Yukarıda saydıklarım ve bunlar gibi yüzlerce konuyu/soruyu konuştuğunuz bir arkadaşınızı kaybetmek kelimenin tam anlamıyla ‘eksilmedir’. Bu fikir arkadaşlığına bir de ‘samimi bir dostluğu’ ekleyin, o zaman belki doğan ‘boşluğu’ sizlere bir nebze hissettirebilirim. Bundan dolayı Sevgili Metin Sarfati’nin ölümü benim için çok sarsıcı oldu.
Son yıllarımız sayısız sohbetler, paylaşımlar birlikte hayal kurmalarla geçmişti. Poseidon Felsefe Feneri’nin destekçisi ve hocalarındandı. Ortak faaliyetlerimiz arasında seminerler düzenlediğimiz, Özgür Üniversite, Odtümist, İktisat Mezunları Cemiyeti, İstanbul Tabip Odası etkinlikleri ilk aklıma gelenler.
Dışa dönük bu etkinlikler buzdağının görünen kısmıydı. Bu etkinliklerde ortaya koyduğumuz düşüncelerimizi ‘pişirdiğimiz’ ortak fikir bir mutfağımız da vardı. Ve işin asıl keyifli ve benim için geliştirici kısmı burasıydı. Düşüncelerimiz, tezlerimiz, yaklaşımlarımız arasındaki ciddi ayrılıklara rağmen ilerletici bir tartışma dinamiğini hep koruduk. Mutfak ortak ama yemekler farklıydı. Yoksa bu bitmeyen geliştirici tartışma süreci devam edebilir miydi?
Genellikle haftalık (yaz aylarında ayda bire düşen) görüşmelerde tarih, edebiyat, felsefe, siyaset ekseninde yüzlerce konuda ‘quodlibet’ tartışmalar yaptık. Bunlar bir ‘hümanist’ ile bir ‘aydınlanmacı’nın kılı kırk yaran sohbetleriydi. Ancak ‘sohbet’ kelimesi sizi yanıltmasın, tarafların hatır ya da tolerans adına tezlerini sulandırmadığı, ‘kısa kırmadığı’ gerçek tartışmalardı.
Bu sohbetlerin ötesinde ‘entelektüel’ üzerine ortak bir çalışma da hazırladık.

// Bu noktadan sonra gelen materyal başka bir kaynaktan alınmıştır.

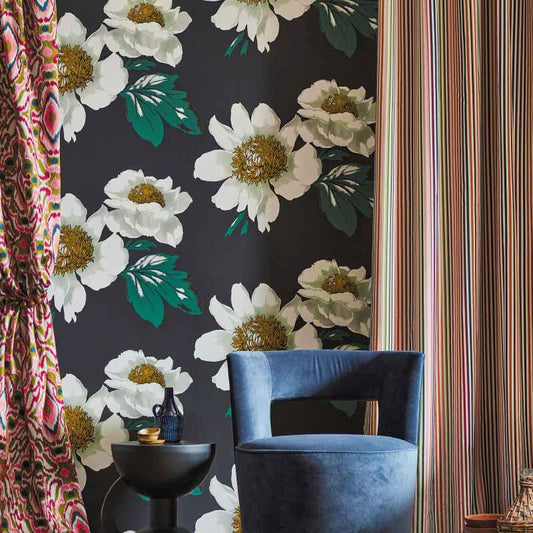 Paeonia Wallpaper 2112841 by Harlequin in Black Earth Fig Leaf Gold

Bu çalışma ‘Ortaçağ’dan Günümüze Entelektüel’in Serüveni’ başlıklı bir seminer dizisine evrildi. Hazırlığı gibi sunuşu da Özgür Üniversite’de birlikte gerçekleştirdik. Hiç bitmeyen konumuz içinde yaşadığımız coğrafyanın (Bizans’ı da işin içine katsanız bile) değişmeyen entelektüel fakirliği idi. Üstelik kendimizi de ayrı tutmuyorduk bu çoraklıktan, biz farkında olanlardık.
Yapamadıklarımızı saymaya ise sayfalar yetmez. Yarım kalan ‘Der Rerum Natura’ okuması ve “commedia dell'arte ile orta oyunu üzere karşılaştırmalı çalışma” şu an hatırıma gelenler.
Paranın değil felsefenin yolunu seçen bir Yahudi entelektüel, (yine de ortak hesabı öder ama bahşiş bırakmazdı, o detay bana kalırdı) safkan bir hümanist, bir hayvan dostu, bir merak küpü ve çalışkan bir düşünür yıldızlara karıştı. Metin Sarfati iyi ki yaşadı.